I've had a knit and a good sleep. I ate a nutritious, not fat-filled, breakfast. Next I'm going to get my nails done. What? They're too long and make mistakes when I type, so it's important to have them just right. Then I'll be back to this corner to continue working on my article. I must be getting to be a grownup because I didn't make myself crazy trying to write yesterday, instead I acknowledged my writing process and honored it. Now it better damn well pay me back for the consideration by being there when I ask it to perform in about an hour, that's all I've got to say.
May 28--Skye, Scotland. "Look, sweaters," Lyn said pointing out the window of the tour bus. Every head in every seat swiveled to look at the white scraps of sheep visible high up on the green hills of the Isle of Skye. This day was the one they had all been looking forward to, the day when they got to see the production of yarn from sheep shearing through carding, spinning, plying, and dyeing, to the actual knitting. Not that the seven women were unfamiliar with yarn and knitting. Far from it. All seven pairs of hands were even now busy with sticks and string, busy churning out another sock, hat, or glove. Despite the forty year spread in their ages, or maybe because of it, these women had laughed together, cried together, and held each other up through good times and bad. This trip to Scotland's Isle of Skye was their reward to themselves for all their years of friendship and the hobby that bound them so tightly together.

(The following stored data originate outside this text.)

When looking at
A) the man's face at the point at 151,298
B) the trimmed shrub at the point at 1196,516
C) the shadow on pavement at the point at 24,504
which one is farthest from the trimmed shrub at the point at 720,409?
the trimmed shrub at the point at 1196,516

Last night at Friday Night Knitting Circle Em said that I should write a book, "a better book about knitting," than the one we've all read. She spent a half hour rolling out her reasons, making character-istic lists and urging me to get writing. I smiled and kept my mouth shut (I think that it'd be too copy-cat) but, lo and behold, there were sheep in last night's prompt picture, so I thought I'd take the plunge, at least for a paragraph or two. Here you go, Em.